• **Requirement**: Transcribe exactly the lines that fall between the one holding "Томские радиофизики разработали" and the one holding "Закон України Про", inclusive, from the entries below.

== Exercise materials ==

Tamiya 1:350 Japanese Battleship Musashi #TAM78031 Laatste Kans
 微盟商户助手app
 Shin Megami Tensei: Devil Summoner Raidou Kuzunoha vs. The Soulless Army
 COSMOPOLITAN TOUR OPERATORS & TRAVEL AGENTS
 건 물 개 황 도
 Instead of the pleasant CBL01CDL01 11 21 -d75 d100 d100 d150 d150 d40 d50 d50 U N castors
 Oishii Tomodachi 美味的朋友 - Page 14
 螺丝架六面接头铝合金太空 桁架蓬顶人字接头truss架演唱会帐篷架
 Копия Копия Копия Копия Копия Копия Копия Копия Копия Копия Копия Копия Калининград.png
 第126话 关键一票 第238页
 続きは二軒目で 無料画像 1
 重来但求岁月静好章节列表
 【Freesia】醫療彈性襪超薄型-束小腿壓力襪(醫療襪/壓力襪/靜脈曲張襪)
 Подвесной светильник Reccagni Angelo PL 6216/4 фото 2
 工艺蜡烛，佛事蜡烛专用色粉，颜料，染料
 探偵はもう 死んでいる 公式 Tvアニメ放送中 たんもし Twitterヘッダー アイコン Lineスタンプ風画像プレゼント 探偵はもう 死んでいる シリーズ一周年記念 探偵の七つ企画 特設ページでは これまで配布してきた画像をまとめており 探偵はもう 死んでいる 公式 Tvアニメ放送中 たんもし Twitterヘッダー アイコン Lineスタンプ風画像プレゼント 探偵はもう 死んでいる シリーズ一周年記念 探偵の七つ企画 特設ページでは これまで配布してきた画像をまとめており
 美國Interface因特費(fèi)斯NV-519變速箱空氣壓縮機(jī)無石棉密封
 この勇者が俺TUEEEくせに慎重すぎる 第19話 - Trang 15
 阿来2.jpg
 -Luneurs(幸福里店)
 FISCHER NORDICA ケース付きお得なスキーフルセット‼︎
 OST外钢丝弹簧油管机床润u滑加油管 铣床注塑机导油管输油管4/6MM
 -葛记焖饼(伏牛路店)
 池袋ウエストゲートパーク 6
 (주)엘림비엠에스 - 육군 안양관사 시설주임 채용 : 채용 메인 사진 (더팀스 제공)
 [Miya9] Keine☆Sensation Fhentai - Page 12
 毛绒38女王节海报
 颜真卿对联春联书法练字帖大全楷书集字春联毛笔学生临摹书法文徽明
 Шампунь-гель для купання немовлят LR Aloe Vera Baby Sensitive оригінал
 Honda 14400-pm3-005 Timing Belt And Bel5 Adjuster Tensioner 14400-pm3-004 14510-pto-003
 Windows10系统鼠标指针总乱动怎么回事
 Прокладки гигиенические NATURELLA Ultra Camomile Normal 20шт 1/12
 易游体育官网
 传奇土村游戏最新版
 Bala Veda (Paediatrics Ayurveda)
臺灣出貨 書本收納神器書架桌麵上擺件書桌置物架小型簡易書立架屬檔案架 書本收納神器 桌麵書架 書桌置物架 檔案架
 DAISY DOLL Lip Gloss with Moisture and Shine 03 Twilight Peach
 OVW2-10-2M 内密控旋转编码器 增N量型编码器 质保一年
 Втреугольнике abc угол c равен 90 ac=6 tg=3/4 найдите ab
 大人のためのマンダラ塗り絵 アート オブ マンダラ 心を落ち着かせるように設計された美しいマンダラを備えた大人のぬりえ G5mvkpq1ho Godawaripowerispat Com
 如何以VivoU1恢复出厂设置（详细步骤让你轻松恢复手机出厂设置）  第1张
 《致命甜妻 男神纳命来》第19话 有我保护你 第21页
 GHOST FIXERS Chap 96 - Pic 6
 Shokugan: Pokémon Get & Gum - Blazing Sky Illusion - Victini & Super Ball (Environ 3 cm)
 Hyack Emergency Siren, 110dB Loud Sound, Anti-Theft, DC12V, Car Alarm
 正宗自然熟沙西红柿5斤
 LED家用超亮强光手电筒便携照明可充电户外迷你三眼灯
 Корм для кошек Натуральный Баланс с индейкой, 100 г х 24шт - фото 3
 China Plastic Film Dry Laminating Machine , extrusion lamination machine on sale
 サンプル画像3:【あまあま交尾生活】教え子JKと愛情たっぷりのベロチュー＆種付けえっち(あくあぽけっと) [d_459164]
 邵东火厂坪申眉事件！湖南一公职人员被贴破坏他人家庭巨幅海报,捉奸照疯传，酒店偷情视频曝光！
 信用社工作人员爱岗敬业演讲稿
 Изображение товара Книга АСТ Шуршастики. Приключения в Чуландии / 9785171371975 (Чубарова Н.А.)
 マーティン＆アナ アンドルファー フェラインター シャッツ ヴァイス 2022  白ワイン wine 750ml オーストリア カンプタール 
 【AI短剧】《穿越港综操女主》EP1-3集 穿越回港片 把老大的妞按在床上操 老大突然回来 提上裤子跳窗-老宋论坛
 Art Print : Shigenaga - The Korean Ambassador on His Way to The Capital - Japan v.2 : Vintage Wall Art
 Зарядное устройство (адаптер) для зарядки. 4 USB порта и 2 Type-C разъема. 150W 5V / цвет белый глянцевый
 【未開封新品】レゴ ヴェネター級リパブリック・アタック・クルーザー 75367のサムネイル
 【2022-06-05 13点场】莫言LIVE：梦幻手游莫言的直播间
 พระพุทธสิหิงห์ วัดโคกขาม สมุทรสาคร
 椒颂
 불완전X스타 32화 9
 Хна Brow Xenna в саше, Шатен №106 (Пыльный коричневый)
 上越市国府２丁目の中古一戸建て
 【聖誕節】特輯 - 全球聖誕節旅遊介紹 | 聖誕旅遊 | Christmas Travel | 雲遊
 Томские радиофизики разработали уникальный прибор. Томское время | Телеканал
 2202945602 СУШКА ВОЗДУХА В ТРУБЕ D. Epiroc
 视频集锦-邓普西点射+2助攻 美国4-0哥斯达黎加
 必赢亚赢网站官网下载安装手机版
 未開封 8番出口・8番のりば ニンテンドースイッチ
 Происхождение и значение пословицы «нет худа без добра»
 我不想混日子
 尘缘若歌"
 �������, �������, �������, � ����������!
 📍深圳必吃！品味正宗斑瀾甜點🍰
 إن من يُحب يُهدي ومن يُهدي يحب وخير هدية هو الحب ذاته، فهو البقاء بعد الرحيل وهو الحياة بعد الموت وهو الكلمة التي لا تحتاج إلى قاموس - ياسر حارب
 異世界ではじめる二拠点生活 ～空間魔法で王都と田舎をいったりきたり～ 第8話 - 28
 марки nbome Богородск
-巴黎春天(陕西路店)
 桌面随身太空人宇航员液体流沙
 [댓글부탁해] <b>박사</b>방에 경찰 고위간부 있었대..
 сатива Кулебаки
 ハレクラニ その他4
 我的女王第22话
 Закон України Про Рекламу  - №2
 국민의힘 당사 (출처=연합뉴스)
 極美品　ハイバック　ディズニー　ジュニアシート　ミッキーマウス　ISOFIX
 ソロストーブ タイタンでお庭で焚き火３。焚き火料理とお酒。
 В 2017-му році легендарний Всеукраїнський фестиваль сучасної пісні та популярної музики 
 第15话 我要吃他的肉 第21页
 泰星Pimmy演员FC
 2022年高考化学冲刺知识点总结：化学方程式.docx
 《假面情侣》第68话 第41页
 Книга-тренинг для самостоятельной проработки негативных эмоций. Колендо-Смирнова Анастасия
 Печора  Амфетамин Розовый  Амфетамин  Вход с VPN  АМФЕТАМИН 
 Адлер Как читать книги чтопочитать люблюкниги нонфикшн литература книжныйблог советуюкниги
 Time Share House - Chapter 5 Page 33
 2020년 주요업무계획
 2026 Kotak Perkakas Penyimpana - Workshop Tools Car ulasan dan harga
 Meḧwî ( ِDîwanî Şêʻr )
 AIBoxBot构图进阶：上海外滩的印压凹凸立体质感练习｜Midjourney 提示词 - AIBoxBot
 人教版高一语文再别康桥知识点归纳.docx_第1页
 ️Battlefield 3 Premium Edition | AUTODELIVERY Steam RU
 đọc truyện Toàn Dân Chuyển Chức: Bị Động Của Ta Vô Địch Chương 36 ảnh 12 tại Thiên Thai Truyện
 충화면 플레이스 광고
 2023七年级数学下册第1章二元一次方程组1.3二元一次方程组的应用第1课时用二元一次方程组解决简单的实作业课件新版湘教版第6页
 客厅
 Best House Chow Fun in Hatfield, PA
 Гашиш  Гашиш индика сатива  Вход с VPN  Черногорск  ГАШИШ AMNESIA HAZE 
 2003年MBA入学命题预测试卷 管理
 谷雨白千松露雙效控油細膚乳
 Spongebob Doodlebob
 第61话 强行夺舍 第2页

===

• **Exercise result**:
 Томские радиофизики разработали уникальный прибор. Томское время | Телеканал
 2202945602 СУШКА ВОЗДУХА В ТРУБЕ D. Epiroc
 视频集锦-邓普西点射+2助攻 美国4-0哥斯达黎加
 必赢亚赢网站官网下载安装手机版
 未開封 8番出口・8番のりば ニンテンドースイッチ
 Происхождение и значение пословицы «нет худа без добра»
 我不想混日子
 尘缘若歌"
 �������, �������, �������, � ����������!
 📍深圳必吃！品味正宗斑瀾甜點🍰
 إن من يُحب يُهدي ومن يُهدي يحب وخير هدية هو الحب ذاته، فهو البقاء بعد الرحيل وهو الحياة بعد الموت وهو الكلمة التي لا تحتاج إلى قاموس - ياسر حارب
 異世界ではじめる二拠点生活 ～空間魔法で王都と田舎をいったりきたり～ 第8話 - 28
 марки nbome Богородск
-巴黎春天(陕西路店)
 桌面随身太空人宇航员液体流沙
 [댓글부탁해] <b>박사</b>방에 경찰 고위간부 있었대..
 сатива Кулебаки
 ハレクラニ その他4
 我的女王第22话
 Закон України Про Рекламу  - №2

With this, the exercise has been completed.